Running has many benefits for your health, from helping you lose weight, to relieving stress and boosting your mood, and preventing diseases like cancer and heart disease. There are different types of running, and depending on your goals, you can train yourself to become whatever type of runner you aspire to be. Do you want to run a marathon? Are you determined to run sprints? Or perhaps you simply want to become a strong casual runner?
You can get started running at any age and transition the type of runner you are whenever you want. Whether you want to become a sprinter, endurance runner, or casual runner, here are the steps you need to take.
Steps to Become a Sprinter
Sprinting is a faster form of running performed in short spurts, where the runner maintains the same speed throughout the run. If you’re an endurance runner or casual runner who wants to become a sprinter, here are three steps to implement now:
1. Focus on Your Posture and Core
Proper posture is key for all runners, especially for sprinters. Keep your spine straight, your head upright, and your shoulders relaxed. Make sure to engage your core, as the more stable your core is, the more power can be adequately transferred through your body, and in turn, the faster you can run. Always work your core in your workouts.
2. Strike Your Foot and Shorten Your Stride
If you want to pick up speed, use aggressive foot strikes when you run your sprints, landing squarely on the ball of your foot. You want to keep your contact with the ground as short as possible. It’s also beneficial to shorten your strides so you run faster and more efficiently.
3. Drive Your Arms
Your arms are going to help you build momentum as you sprint. Bend your elbows at 90 degrees and drive them backyards for explosive speed.

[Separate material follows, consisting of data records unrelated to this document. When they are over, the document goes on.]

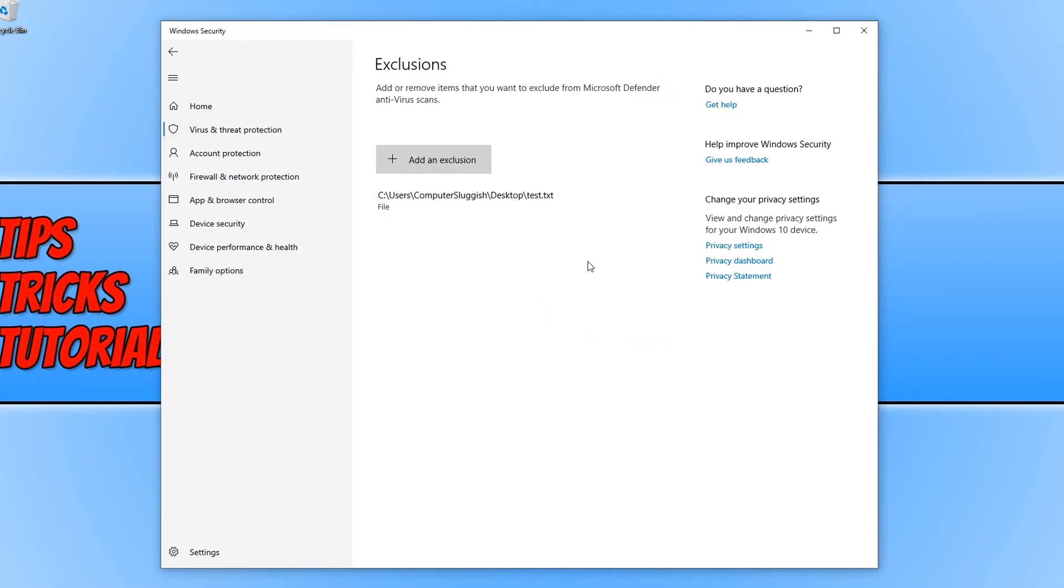And as you can see it has now been added to the exclusion list, which means this file will never be scanned when I do an antivirus scan in Windows Defender.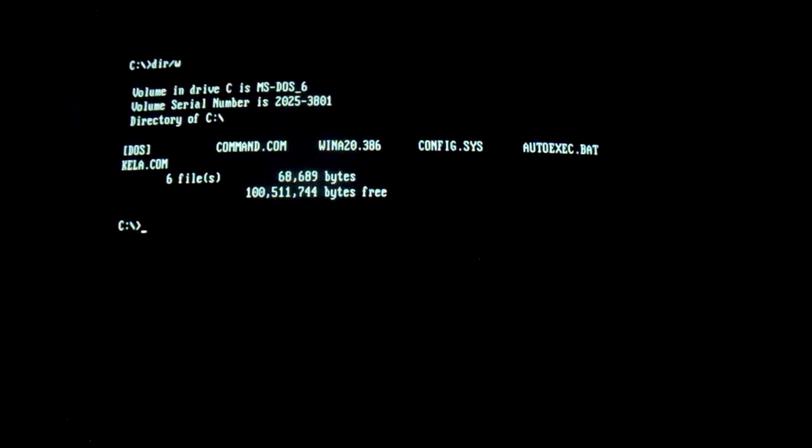Hello everyone, today we're taking a look at the Kela DOS virus — Kela, I don't know how you want to pronounce it, but anyway.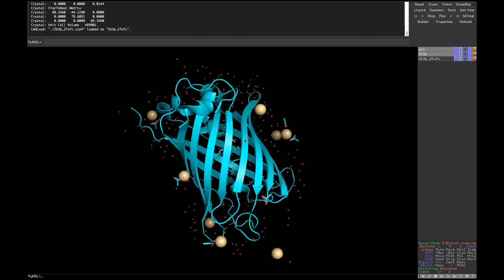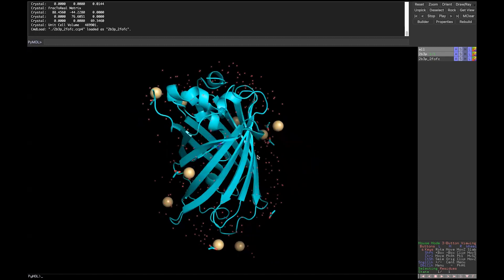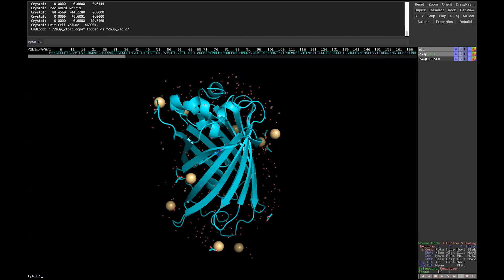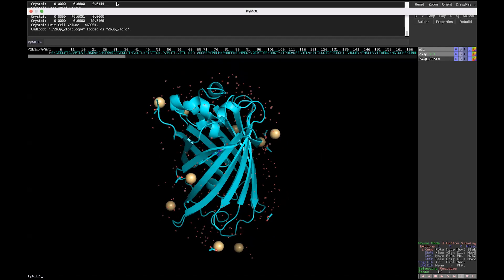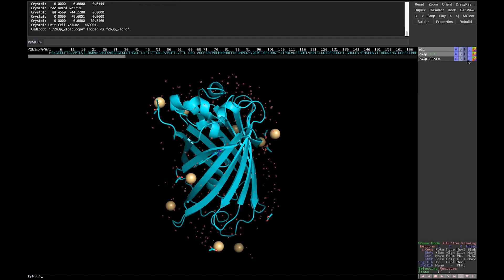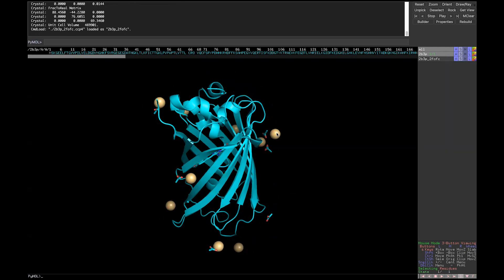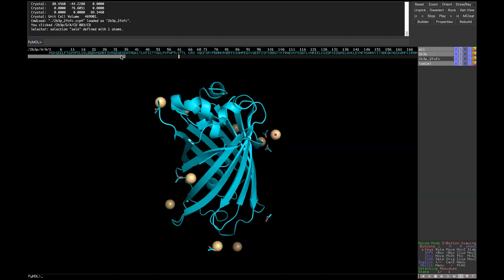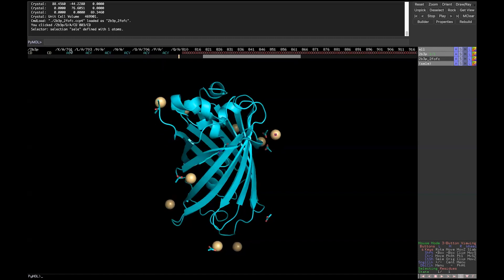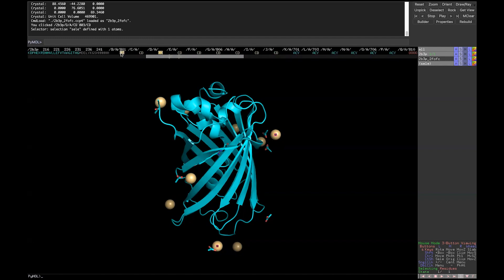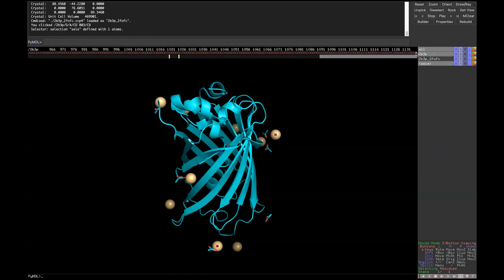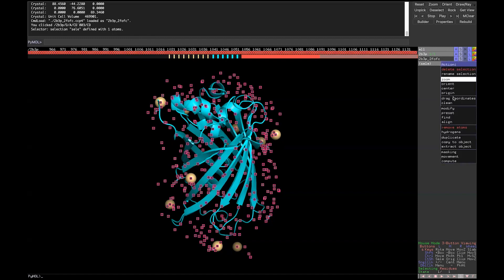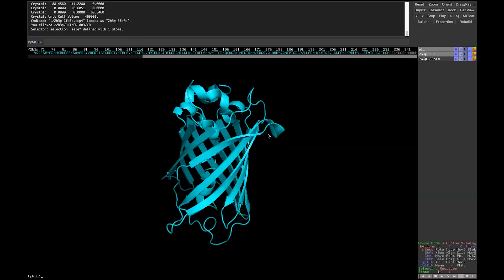To make things easier to see, I'm going to turn on the sequence view — you can press the S button at the bottom or use the menu. Those small dots represent water molecules, which we're going to hide. We'll also hide the acetic acid and other small molecules. You can select them and use Action > Remove Atoms. Now we've simplified things and we're just seeing the protein structure.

Related Article: Push Or Pull? Sprinting Mechanics and You
Steps to Become an Endurance Runner
Endurance running is running over long distances of at least 5 miles. To be an endurance runner, you need to have good cardio, stamina, and mental strength to keep you going. To build endurance, execute the following steps:
1. Slowly Increase Your Mileage
Don’t try to run 6 or 7 miles right away if you’re used to running 3. Slowly increase the length of your run as your body gets used to the new pace and breath, and your muscles become less fatigued.
2. Work in Intervals
Interval sprinting is a great way to build leg strength and lung endurance, which are essential for endurance running. If you don’t usually do sprints, start with a 10 second sprint every few minutes, and work your way up to 30 seconds.
3. Run Hills
Running up hills can be tough, but it’s another way to build muscle strength and lung capacity. The best way to do hills is outdoors in nature, but you can also use the incline on the treadmill as a foundation if you’re not ready for the outdoor hills.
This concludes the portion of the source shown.